一、百年启蒙

启蒙这一历史现象出现在社会转型的历史时期。西欧社会由愚昧专制的中世纪社会转变为科学民主的现代社会,就曾经历过一个启蒙的历史阶段,其内容就是常为人们所提及的文艺复兴、宗教改革和启蒙运动,其时间长达三个多世纪之久。启蒙运动就其本质而言是思想变革或文化变革运动。

五四启蒙何以夭折

中国自鸦片战争之后社会进入了转型的历史时期,因此也出现了启蒙现象和存在一个启蒙的历史时期。
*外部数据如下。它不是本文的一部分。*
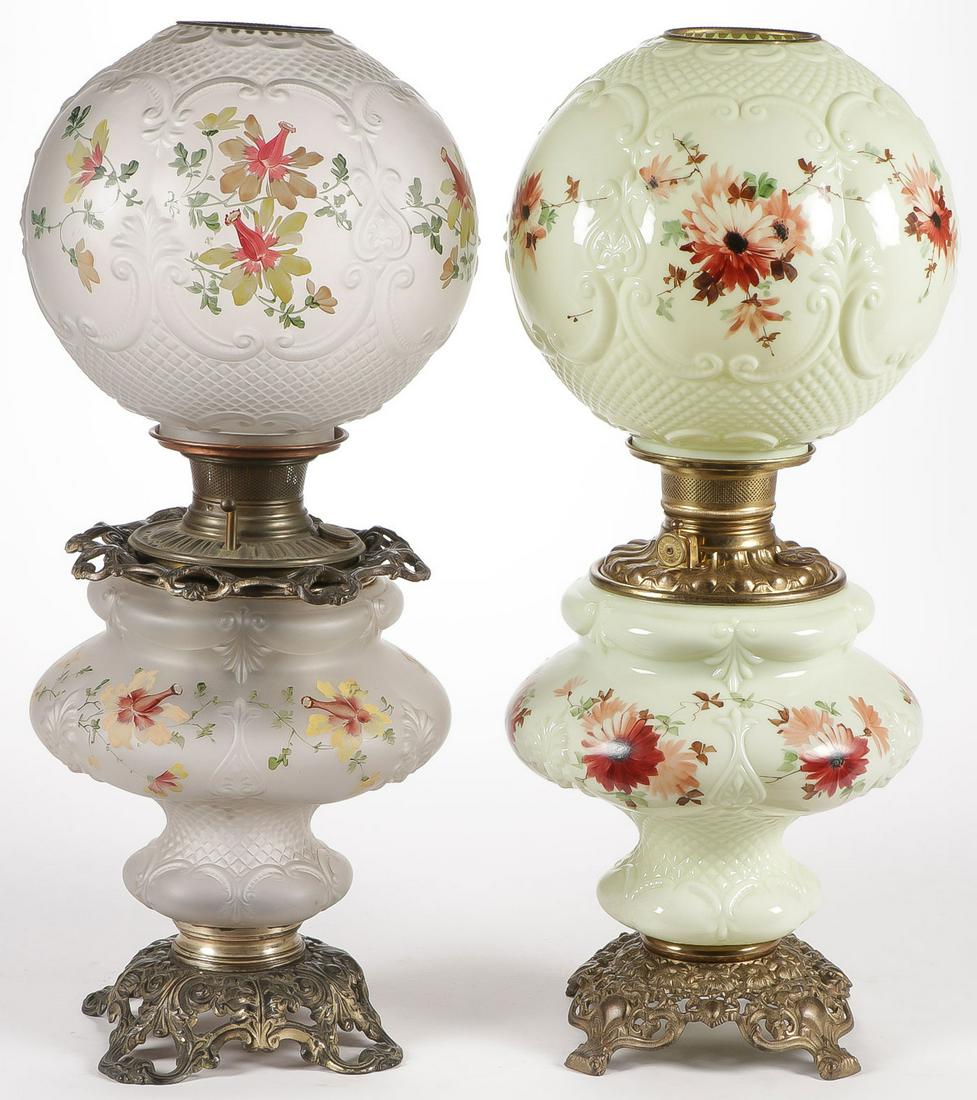 PAIR CONSOLIDATED PARLOR LAMPS: PAIR CONSOLIDATED PARLOR LAMPS. Both in Oxford pattern, one in crystal satin finish, the other in custard. Both with hand decorated flowers, and neither electrified. Height 24 inches. SHIPPING NOTICE:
一般认为,五四时期的新文化运动就是一次启蒙运动。这是当然的。

实际上,在西方文化的刺激下中国社会所出现的各种西方式的变化,都包含有启蒙的因素。因为这些变化对中国几千年传统社会的思想文化或多或少起着冲击、更新的作用。从这一意义上看,洋务运动,晚期的新政计划和辛亥革命,都无不有启蒙的意味。当然,它们与五四时期的新文化运动是不好相提并论的。

大致来说,1840年至1920年的八十年间,可称是中国近代社会以来的一个启蒙阶段。启蒙推动了中国的现代走向,这是很明显的。

这一阶段的启蒙,到了1920年前后,即五四新文化运动后期,发生了一个微妙的但却是重要的变化。那就是十月革命之后俄系文化传入了中国。也就是后来毛泽东所说的,“十月革命一声炮响,给我们送来了马克思列宁主义。”俄系文化进入国门之后,立即获得了一部分知识分子的青睐。这些知识分子,原来多是崇尚欧系文化的;在十月革命的影响下,他们转而追求俄系文化了。

欧系文化与俄系文化是性质不同、而且可以说是两种对立的文化体系。欧系文化凝结着欧洲文艺复兴以来的思想成果,在自由、人权、民主、法治的引航下,创造出近代欧洲的璀璨文明。陈独秀在五四新文化运动中举起的“民主与科学”的旗帜,就是借欧系文化之火种在中国的传播,以唤醒中华民族。而俄系文化中的暴力文化,专政文化,共产文化,党国文化等,都是以否定欧系文化为其前提的。两者可以说水火不容。因此,五四新文化运动后期中国一部分知识分子俄化、左倾化的文化转向,不但导致当时启蒙运动的夭折,也是关系中国今后几十年命运的重要转折。

说实在的,这一关系到以后中国走向的文化转向,不但不为当时中国知识分子所察觉,就是在以后的半个多世纪中,生活在大陆的知识分子,对这次文化转向的逆历史性也浑然不知。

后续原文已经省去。